Currently, in various Coir industrial societies, yarn is being produced by using manual ratts, which requires the participation of three people, per machine at a time. Subsequently, the income obtained from the output, per ratt, has to be split among the three workers. Owing to the labor-intensive process of current production of yarn, electronic ratts are an easier and more productive alternative for manual ratts. With the use of electronic ratts, approximately 50% more output of yarn is produced. As the machine can be operated using single phase power supply and by just one worker at a time, the use of electronic ratts allows women to work from home.
From the 20th to 26th of January 2022, a training was conducted to demonstrate the use of electronic ratts. Five women selected from different Coir Industrial societies in Kanyakumari, participated in the training which was led by the Kerala State Coir Machinery Manufacturing Company Limited (KSCMMC), in Alleppey, Kerala. The training, conducted by a team from KSCMMC was facilitated and funded by the MSME- Trade and Investment Promotion Bureau (M-TIPB), Tamil Nadu. KSCMMC and M-TIPB, with prevailing help from the mByom team successfully conducted the 5-day training in using electronic ratts.
The participants were trained to use electronic ratts with poor quality fibre, for the sole purpose of training. As training is completed, workers can now, with ease, use good quality fibre to produce yarn. By the end of the training, approximately 17 kilograms of yarn per ratt were produced by using electronic ratts. At the end of the training period, the participants were provided with an electronic ratt each, which are now being set up in their respective villages. The trainees who visited Alleppey, are now enabled with the skills to train more workers to use the machine. This training period that took place, can be defined as a jump-start which will help more workers employed in the coir industry, to be trained in electronic ratts, in order to increase production and income.

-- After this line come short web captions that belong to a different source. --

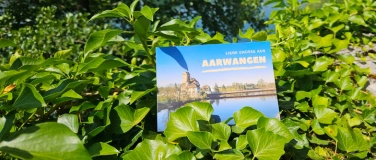 Event-Image for 'Schl&ouml;ssertag 2026'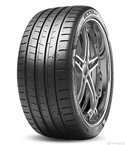 ЛЕТНИ ГУМИ KUMHO ECSTA PS91 255/40R18 99Y XL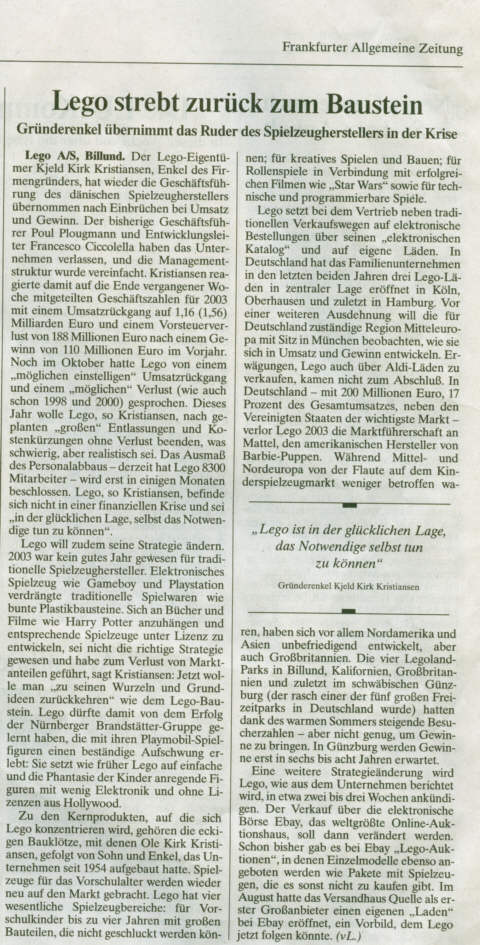 artikel_faz_20040112.jpg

The younger trainees were also trained to use the manual geotextile handloom, which facilitate weaving of coir geotextiles. A woven geotextile, unlike yarn which is be sold to an intermediary agent, is a finished product and can be sold to departments such as PWD and Irrigation departments. Using aHOPE, an aggregation mobile application solution, the geotextiles produced from homes and villages can be aggregated and payments made electronically to thousands of women’s accounts. mByom is developing aHOPE with an integrated ERP for value chain financing. TReDS, a bill discounting solution is planned to be integrated to ensure quick and smooth release of money to the thousands of women who could be employed at home in their villages productively.